Hi everyone,
I’m having issues with my NVMe drive not being detected. Strangely, this issue arose today, even though I’ve been using the system without any problems for about a month. As part of my journey in learning NixOS, this morning when I tried booting up my Dell XPS 9560 laptop, I encountered a boot issue. Here’s the error I got:
nvme nvme0: Identify Controller failed (-4)
To my surprise, I couldn’t find my NVMe drive. My initial thought was, “No worries, I’ll just rollback to a previous generation.” After attempting this, I found that the only generation that worked was the very first one the system ever created.

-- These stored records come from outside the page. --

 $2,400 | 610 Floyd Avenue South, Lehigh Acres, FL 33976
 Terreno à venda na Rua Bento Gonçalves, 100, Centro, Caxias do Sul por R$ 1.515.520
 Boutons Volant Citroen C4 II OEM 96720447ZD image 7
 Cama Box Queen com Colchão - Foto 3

Deciding to take a more drastic measure, I opted to reinstall NixOS. However, I was unable to detect my NVMe drive in the Calamares installer, GParted, or lsblk
during a live boot session. Intriguingly, when I booted using a Linux Mint live CD, the drive was detected perfectly. As a sanity check, I proceeded with the Linux Mint installation, and everything went smoothly without a hitch.
Here’s a list of troubleshooting steps I’ve tried
- Reinstalled NixOS.
- Re-downloaded a brand new image and recreated my USB live boot. (I tried GNOME, KDE, and the minimal variants)

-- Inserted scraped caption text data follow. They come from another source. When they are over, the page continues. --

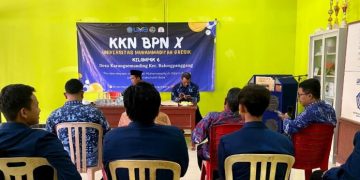 Akhiri KKN, Mahasiswa UMG Tumpengan bersama Warga Karangsemanding, Balongpanggang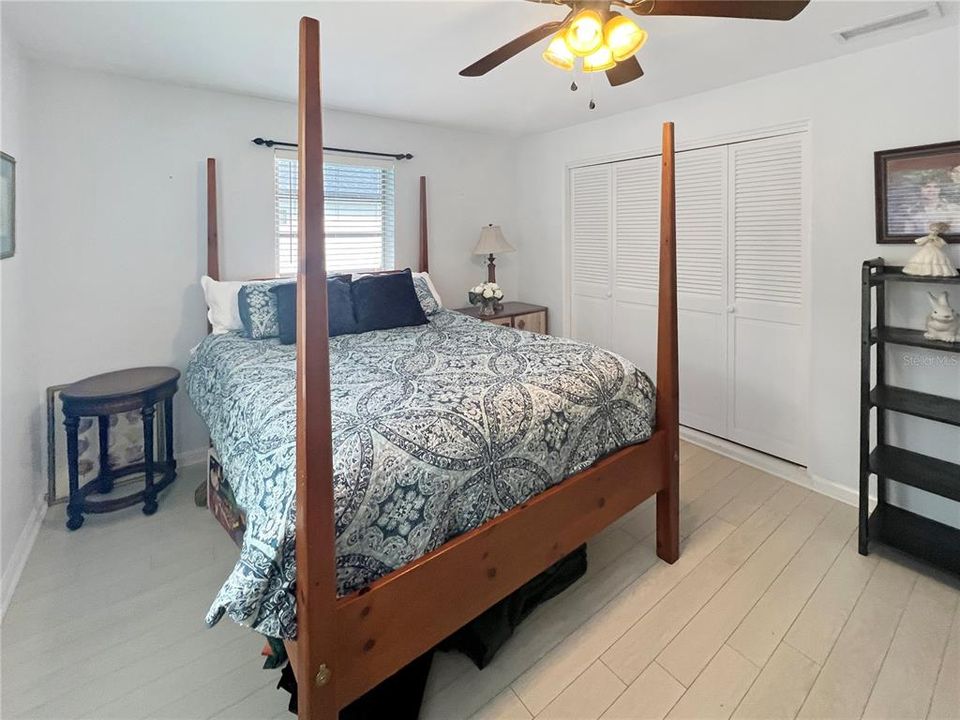 Active With Contract: $375,000 (2 beds, 2 baths, 1975 Square Feet)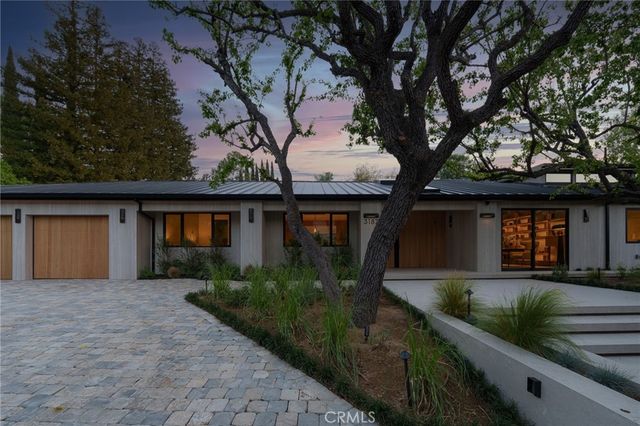 3187 Oakdell Rd, Studio City, CA 91604
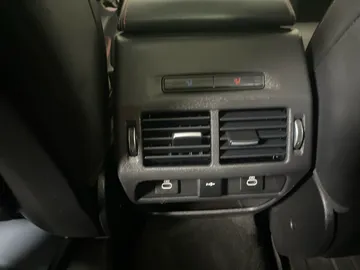 2023 Land Rover Discovery Sport - image 33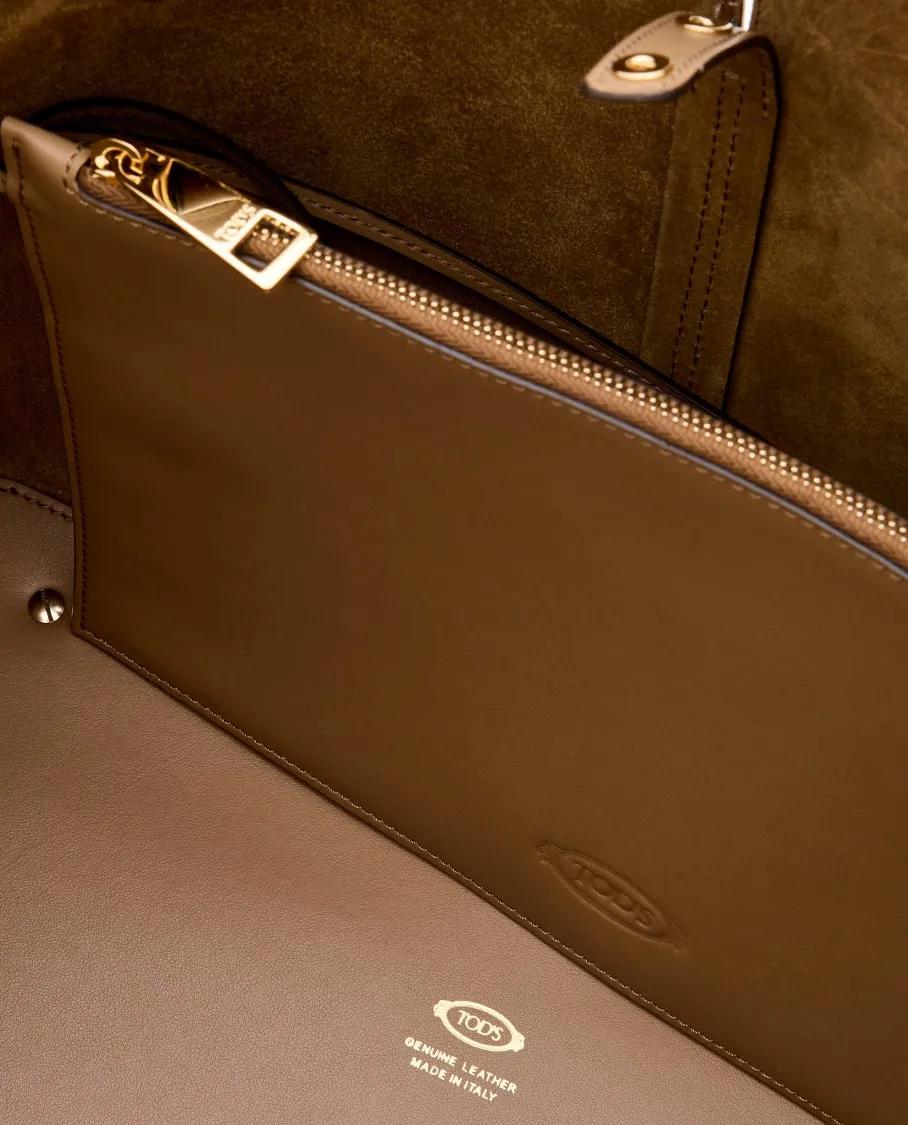 TOD'S Shoppers & Totes Dbm Shopping Bag in bruin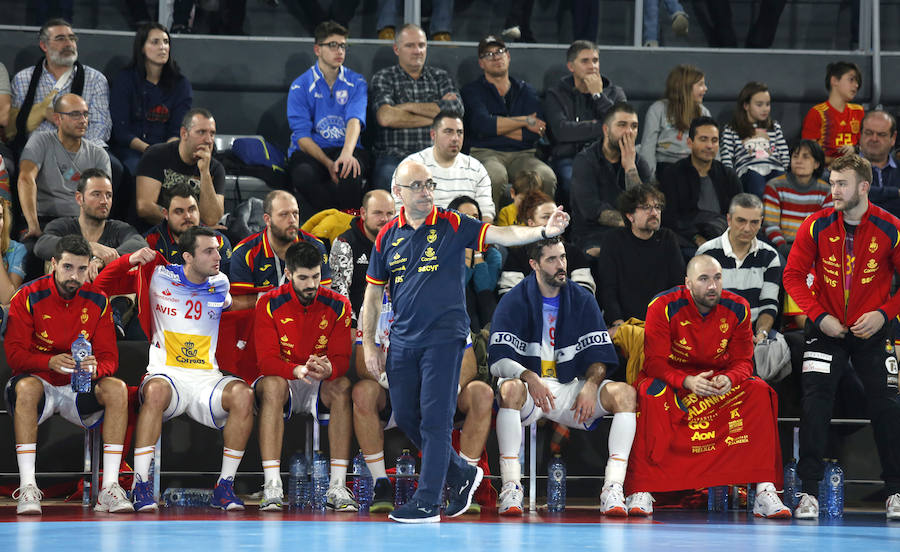 Fotos: Histórico lleno con selección de balonmano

- Reset my BIOS to default and then retested.
- Carefully checked BIOS settings:
- Disabled fast boot
- Disabled secure boot
- Set SATA drives to AHCI (instead of RAID)
- Disabled C-states
- Disabled speed step
- Disabled any power-saving options
- Attempted to disable TPM 2.0
- Reseated the NVMe drive, RAM, and battery.
- Ran
modprobe nvme
during the live CD session.
Some additional observations:
- The drive appears in the
lspci
output during the live-boot session. - The drive is visible in the
lsblk
output only before Calamares finishes loading. I noticed a message that said something along the lines of “loading 1 module”. Interestingly, the drive remains visible up until the Calamares installer completes loading that module. Post that, it’s just invisible.

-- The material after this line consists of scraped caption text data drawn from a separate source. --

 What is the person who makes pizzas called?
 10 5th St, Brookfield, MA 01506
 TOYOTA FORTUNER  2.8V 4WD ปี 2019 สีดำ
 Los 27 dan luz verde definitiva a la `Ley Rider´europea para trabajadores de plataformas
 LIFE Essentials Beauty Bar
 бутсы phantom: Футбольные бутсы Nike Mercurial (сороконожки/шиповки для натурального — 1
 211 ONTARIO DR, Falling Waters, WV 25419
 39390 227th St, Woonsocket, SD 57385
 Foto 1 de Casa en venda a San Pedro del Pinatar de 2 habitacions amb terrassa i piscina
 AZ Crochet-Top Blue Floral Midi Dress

I checked the SMART data for the drive:
SMART/Health Information (NVMe Log 0x02)
Critical Warning: 0x00
Temperature: 32 Celsius
Available Spare: 92%
Available Spare Threshold: 50%
Percentage Used: 0%
Data Units Read: 6,135,172 [3.14 TB]
Data Units Written: 7,358,838 [3.76 TB]
Host Read Commands: 102,455,992
Host Write Commands: 86,450,036
Controller Busy Time: 3,882
Power Cycles: 1,021
Power On Hours: 577
Unsafe Shutdowns: 134
Media and Data Integrity Errors: 49
Error Information Log Entries: 0
Warning: 0
Comp. Temperature Time: 0
Critical Comp. Temperature Time: 0
Temperature Sensor 1: 32 Celsius
Temperature Sensor 2: 39 Celsius
The closest I’ve come to identifying the root cause was when I tried running fdisk
. The process seemed to hang for a while before spitting out the following error:
Unable to change power state from D3cold to D0, device inaccessible.
I/O error on dev nvme0n1, logical block 0, async page read
System Info:
Dell XPS 9560
nixos-23.05.2975
CPU: i7-7700HQ
GPU: GTX 1050
RAM: 16G DDR4-2400MHz
Storage: SKHynix PC401 NVMe 1TB revision: 80002E00
I’m really at my wit’s end here and any guidance or suggestions would be immensely appreciated.
Edit: Some information I forgot to add.
When I was running lspci
the drive showed up and was recognized as an SKHynix NVMe drive, however it was the wrong size. lspci
said the drive was 256G but I only have a 1TB drive installed.